>"Irreparable Harm: The issue of irreparable harm focuses on the harm caused by not maintaining the status quo, as opposed to the separate and distinct element of a remedy under the likelihood of success factor. Here the court's evaluation is guided by the general notion that “self-inflicted wounds are not irreparable injury.”
To add more color to this, the court refused an injunction to force Apple to enable Fortnite with the Epic payment processing. Epic can remove that and be admitted back to the App store.
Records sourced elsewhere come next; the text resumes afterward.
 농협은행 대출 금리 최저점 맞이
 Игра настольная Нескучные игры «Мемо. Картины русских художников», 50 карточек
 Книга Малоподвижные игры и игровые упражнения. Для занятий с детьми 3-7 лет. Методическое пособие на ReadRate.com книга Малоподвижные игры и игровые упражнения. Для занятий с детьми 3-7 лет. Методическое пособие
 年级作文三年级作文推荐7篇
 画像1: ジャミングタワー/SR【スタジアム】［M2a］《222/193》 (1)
If Apple refuses at that point Epic would likely win an injunction to force them.
The record already reflects (now) that Apple retaliated against Epic in blocking Unreal Engine. (Granted, the court did not use the word "retaliate" because it was a TRO, not a ruling on the facts; but the implication is clear.) Besides fear of sanctions, why wouldn't they retaliate again, and now harder given that the first attempt at retaliation may be thwarted?
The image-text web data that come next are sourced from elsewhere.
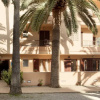 Отель Apartamentos Alamos, фото 1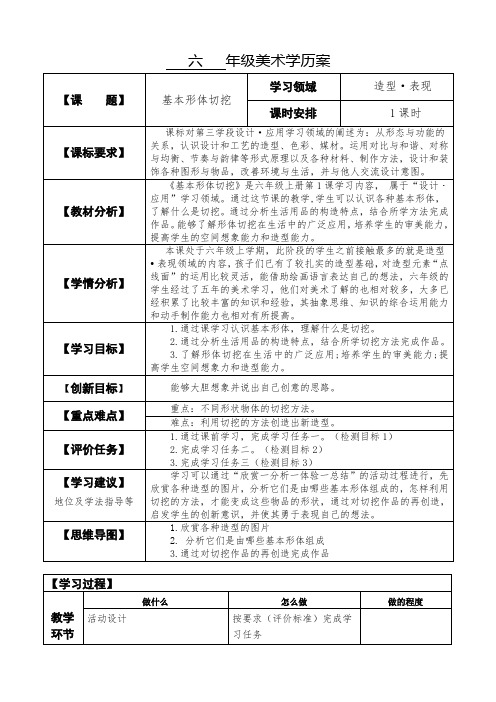 小学六年级美术第一课《基本形体的切挖》  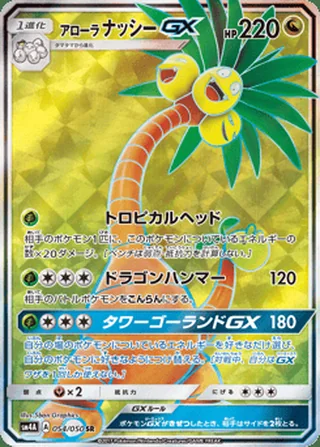 Alolan Exeggutor-GX — アローラ ナッシーGX (2017)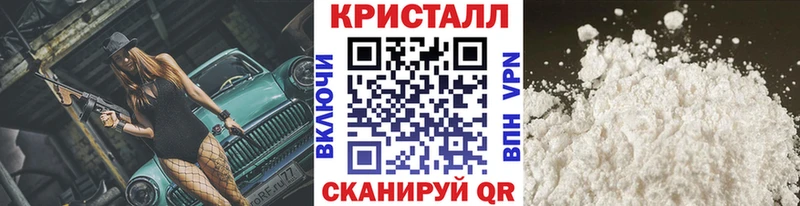 Первитин мет Шадринск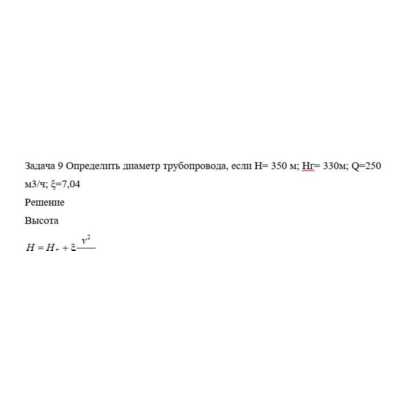 Задача 9 Определить диаметр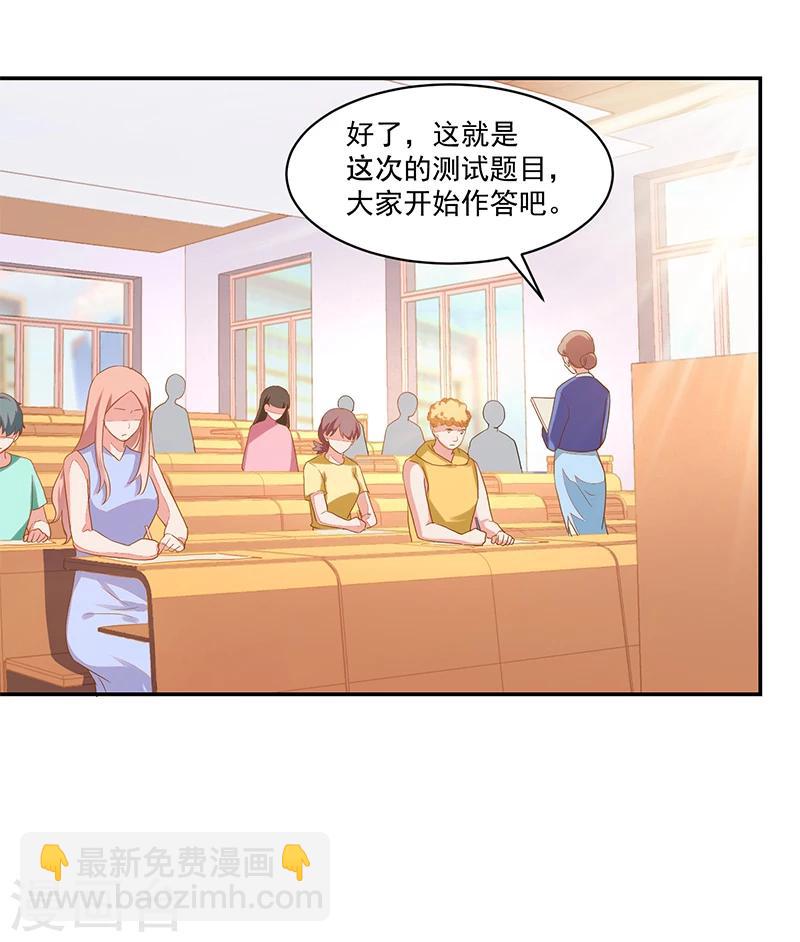 《好人卡》第66话 第31页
The so-called block of unreal engine came along with a letter asking Epic to put fortnite back in compliance before it would happen.
There’s no indication that apple intended a purely retaliatory action, it was obviously pressure for Epic to come back into compliance with the App Store terms, which is what apple wants - for Epic to follow the same rules as everyone else. Apple makes money with Fortnite on the App Store and getting that 30% cut.
To add more color to this, the court refused an injunction to force Apple to enable Fortnite with the Epic payment processing. Epic can remove that and be admitted back to the App store. If Apple refuses at that point Epic would likely win an injunction to force them.